# [Action item]
Your output should be the lines below from the one holding "This arrow here" through the one holding "Hey guys, welcome", transcribed exactly, with no pictures.
(Beginning of Input data)
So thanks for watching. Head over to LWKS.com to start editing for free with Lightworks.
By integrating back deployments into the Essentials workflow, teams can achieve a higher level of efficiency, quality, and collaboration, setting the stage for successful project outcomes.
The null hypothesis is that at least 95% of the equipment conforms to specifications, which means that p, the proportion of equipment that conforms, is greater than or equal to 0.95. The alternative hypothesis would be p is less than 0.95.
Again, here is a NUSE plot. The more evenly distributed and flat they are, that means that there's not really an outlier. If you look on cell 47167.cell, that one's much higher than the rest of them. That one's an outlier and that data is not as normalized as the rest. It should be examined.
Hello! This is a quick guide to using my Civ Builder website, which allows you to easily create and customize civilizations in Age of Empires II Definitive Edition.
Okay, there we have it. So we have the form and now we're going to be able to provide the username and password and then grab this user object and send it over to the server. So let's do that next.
(End of Input data)
(Beginning of Input data)
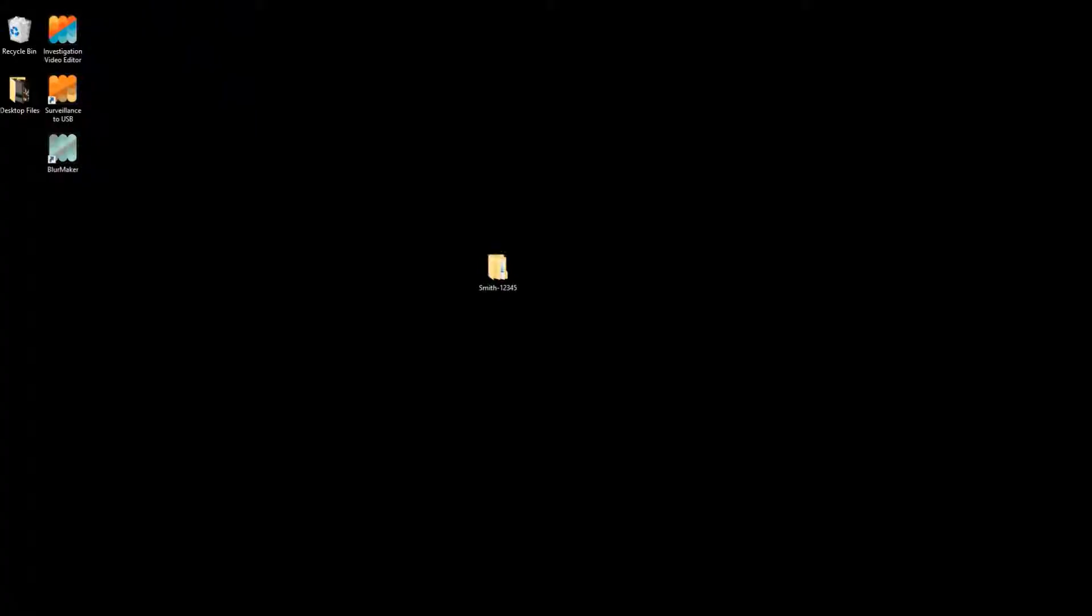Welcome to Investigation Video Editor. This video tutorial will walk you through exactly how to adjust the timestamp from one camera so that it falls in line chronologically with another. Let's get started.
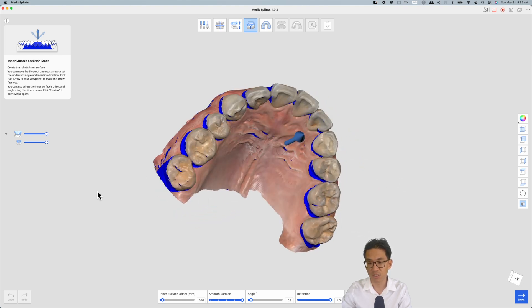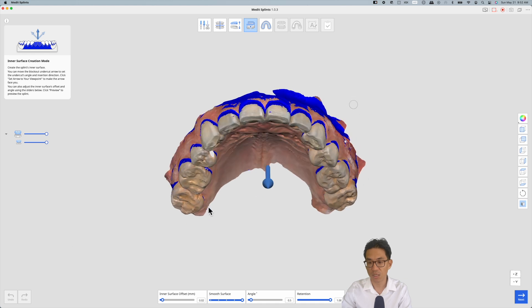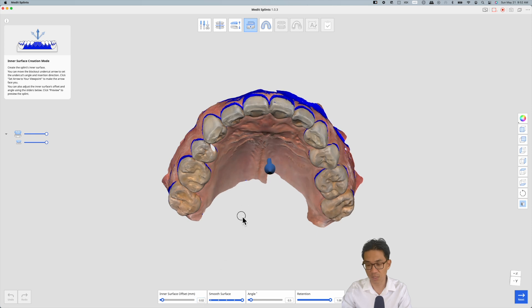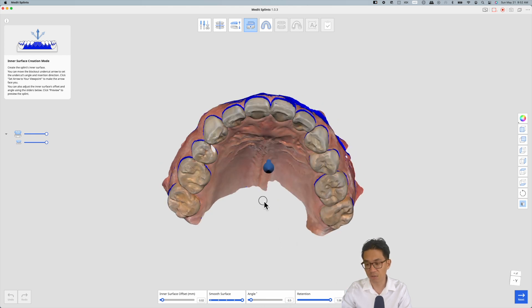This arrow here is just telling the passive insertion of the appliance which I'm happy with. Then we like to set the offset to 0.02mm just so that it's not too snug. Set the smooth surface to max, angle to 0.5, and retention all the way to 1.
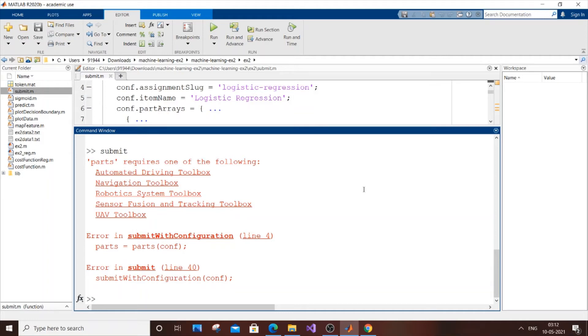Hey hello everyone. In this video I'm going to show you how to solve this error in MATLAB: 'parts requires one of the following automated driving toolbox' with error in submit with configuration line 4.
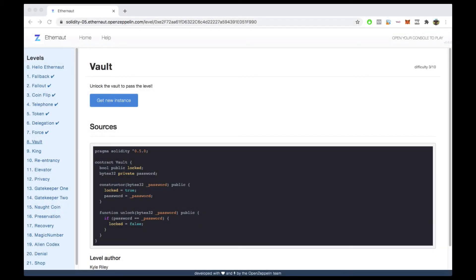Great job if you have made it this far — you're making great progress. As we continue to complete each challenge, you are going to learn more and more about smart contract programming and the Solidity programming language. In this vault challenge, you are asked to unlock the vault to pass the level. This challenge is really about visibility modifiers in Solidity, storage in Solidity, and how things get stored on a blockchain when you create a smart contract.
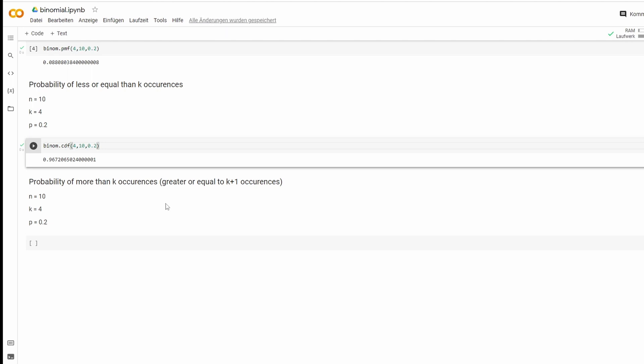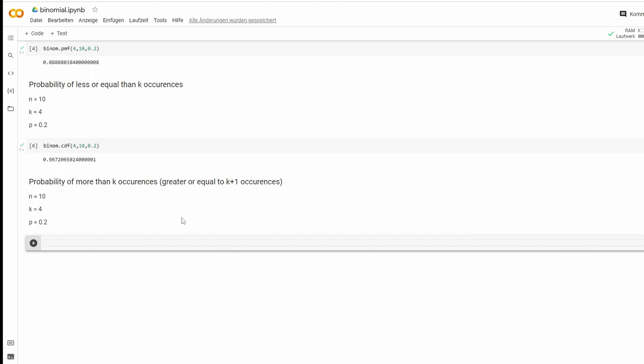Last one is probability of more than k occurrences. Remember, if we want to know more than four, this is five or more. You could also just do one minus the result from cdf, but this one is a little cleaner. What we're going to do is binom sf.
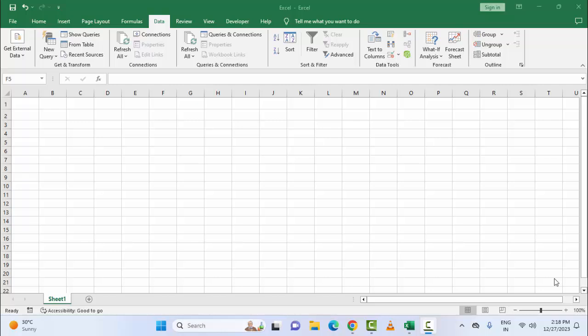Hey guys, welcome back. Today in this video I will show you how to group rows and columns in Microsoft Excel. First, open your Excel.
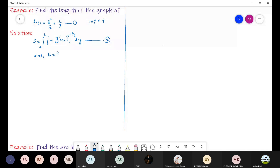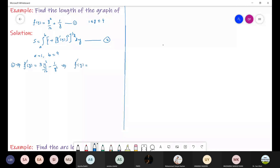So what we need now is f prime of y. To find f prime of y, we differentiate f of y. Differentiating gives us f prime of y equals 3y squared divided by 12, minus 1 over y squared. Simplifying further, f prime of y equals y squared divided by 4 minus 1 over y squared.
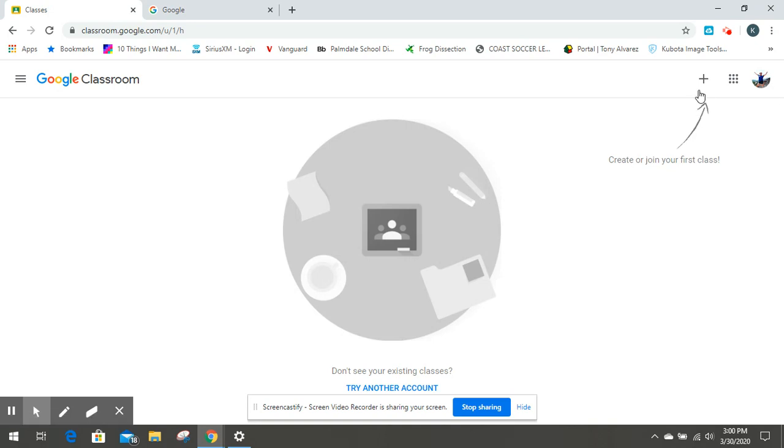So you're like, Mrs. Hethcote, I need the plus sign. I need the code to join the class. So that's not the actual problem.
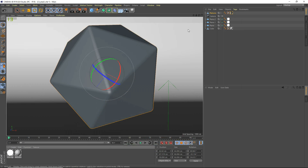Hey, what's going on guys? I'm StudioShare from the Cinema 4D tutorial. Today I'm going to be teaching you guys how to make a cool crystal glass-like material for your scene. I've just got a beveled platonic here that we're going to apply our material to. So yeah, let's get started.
(End of Input data)
(Beginning of Input data)
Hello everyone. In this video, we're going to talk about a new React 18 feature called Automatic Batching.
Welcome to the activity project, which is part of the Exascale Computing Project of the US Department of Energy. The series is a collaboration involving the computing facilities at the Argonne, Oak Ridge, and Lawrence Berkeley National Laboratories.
(End of Input data)
# [Response]
This arrow here is just telling the passive insertion of the appliance which I'm happy with. Then we like to set the offset to 0.02mm just so that it's not too snug. Set the smooth surface to max, angle to 0.5, and retention all the way to 1.
Hey hello everyone. In this video I'm going to show you how to solve this error in MATLAB: 'parts requires one of the following automated driving toolbox' with error in submit with configuration line 4.
Great job if you have made it this far — you're making great progress. As we continue to complete each challenge, you are going to learn more and more about smart contract programming and the Solidity programming language. In this vault challenge, you are asked to unlock the vault to pass the level. This challenge is really about visibility modifiers in Solidity, storage in Solidity, and how things get stored on a blockchain when you create a smart contract.
Last one is probability of more than k occurrences. Remember, if we want to know more than four, this is five or more. You could also just do one minus the result from cdf, but this one is a little cleaner. What we're going to do is binom sf.
Hey guys, welcome back. Today in this video I will show you how to group rows and columns in Microsoft Excel. First, open your Excel.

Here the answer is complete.